Washington D.C., September 12, 2022 - One day after the violent, U.S.-backed, coup d’état in Chile, the overthrow of Salvador Allende was the very first item in President Richard Nixon’s September 12, 1973, CIA intelligence report—known as the President's Daily Brief (PDB). “Chile’s President Allende is dead and the armed forces, together with the carabineros, are working to consolidate their successful coup,” stated a short summary of principal developments around the world. On page 1 of the PDB, the CIA informed Nixon that the members of the new military junta “are all respected and experienced leaders” but not supporters of democracy. According to the PDB, “the new rulers have declared [the Chilean] Congress to be in recess.”

But on the day the military moved to overthrow Salvador Allende, September 11, 1973, what the CIA informed President Nixon remains TOP SECRET. Forty-nine years after one of the most infamous military coups in Latin American history, the intelligence report in Nixon’s 9/11/1973 PDB on Chile continues to be classified as sensitive national security information. Nixon’s PDB of September 8, 1973, which is believed to contain initial CIA and Defense Intelligence Agency (DIA) reporting on specific coup preparations by the Chilean military, also remains completely redacted, almost half a century later

President Nixon, as the historical record shows, had a vested interest in the Chilean coup. Three years earlier, on September 15, 1970, Nixon had given direct orders to CIA director Richard Helms to “save Chile” by instigating a military coup to block the inauguration of President-elect Salvador Allende, who had been democratically voted into office on September 4, 1970. “Make the economy scream,” Nixon mandated, according to Helms’ notes from the meeting. “Full time job, best men we have.” After Allende was inaugurated on November 3, 1970—despite concerted CIA clandestine operations to kidnap the pro-constitution commander-in-chief of Chile’s armed forces, General Rene Schneider, resulting in his assassination—Nixon convened his National Security Council to order broad U.S. government efforts to destabilize Allende’s ability to govern. “If there [is] any way to unseat A[llende],” Nixon advised his national security team, according to a second set of notes taken by Helms at the November 6, 1970, meeting, “better do it.”
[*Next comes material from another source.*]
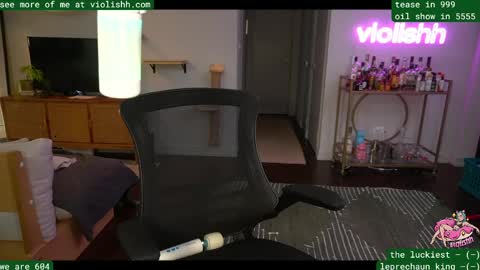 follow me on twitter violishh and ig violishh  online show from March 18, 5:12 am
As the countdown to the 50th anniversary of the coup next year begins, the National Security Archive called on the Biden administration and the CIA to fully declassify the PDBs and all remaining records related to covert operations in Chile. “Secrecy over time erodes credibility, especially regarding national security,” according to John Dinges, author of The Condor Years and a member of the Archive’s advisory board. “Continuing to hide key documents from public view” after half a century, he noted, “prevents finding a credible answer to the questions about U.S. actions in Chile.”